В дальнейшем сборники «Редактор и книга» выходили нерегулярно (вып. 5 – в 1965 году; вып. 6 – в 1973 году; вып. 7 – в 1975 году; вып. 8 – в 1979 году; вып. 9 – в 1982 году; вып. 10 – в 1986 году). На десятом выпуске сборники прекратили свое существование. Перегруженный своими обязанностями заместителя главного редактора, а затем главного редактора издательства, я уже не мог принимать в их подготовке непосредственного участия, хотя и подталкивал редакцию к их продолжению и даже писал для них статьи (о библиографических ссылках – в вып. 5, об издательской культуре – в вып. 9), привлек некоторых авторов.

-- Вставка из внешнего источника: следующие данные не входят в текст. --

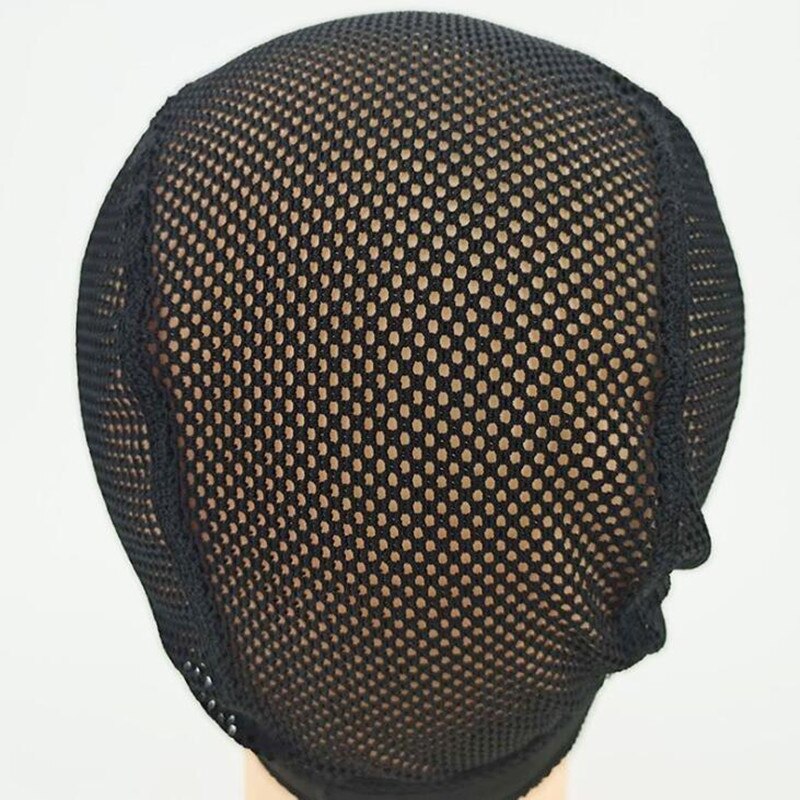 Bonnet de perruque en maille à grand trou, 5 pièces, filet pour cheveux, bonnet en dôme noir pour faire des perruques avec bande élastique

Я старался не оставлять своими заботами литературу для редакторов вообще и сборник «Редактор и книга» в частности. Так, ради того, чтобы поспособствовать его возрождению, я написал О.В. Риссу, который в это время служил корректором в редакции журнала «Звезда»:
Я бы хотел просить Вас исподволь готовить материалы для статьи в сборнике «Редактор и книга» с обобщением материала по фактическим ошибкам, которые допускают авторы, на основе контрольного чтения «Звезды». Какие бывают типы фактических ошибок. Некая практическая классификация. Почему и когда их пропускают или допускают. По каким признакам узнавать необходимость проверки (что проверять) и т. д. и т. п. Все-таки в книге это осталось в значительной мере за бортом. Может быть, и другой вариант статьи – статья-рецензия на чью-либо редакторскую работу над фактическим материалом конкретной книги или нескольких конкретных книг. Что не сделал и что должен был сделать редактор этих конкретных книг. Но это не спешно, и я затеял разговор только для того, чтобы вы думали о такой возможности и могли собирать материал для очень важного выступления в профессиональной печати. Сборники «Редактор и книга» надо возродить обязательно (12.08.77).
А после того, как в 1985 году меня вынудили уйти на пенсию, я и вовсе ничего не мог сделать для того, чтобы сборники продолжали выходить, тем более что времена изменились.
Однако и сегодня во многих статьях из разных выпусков сборника современные редакторы найдут немало того, что может обогатить их понимание собственной работы.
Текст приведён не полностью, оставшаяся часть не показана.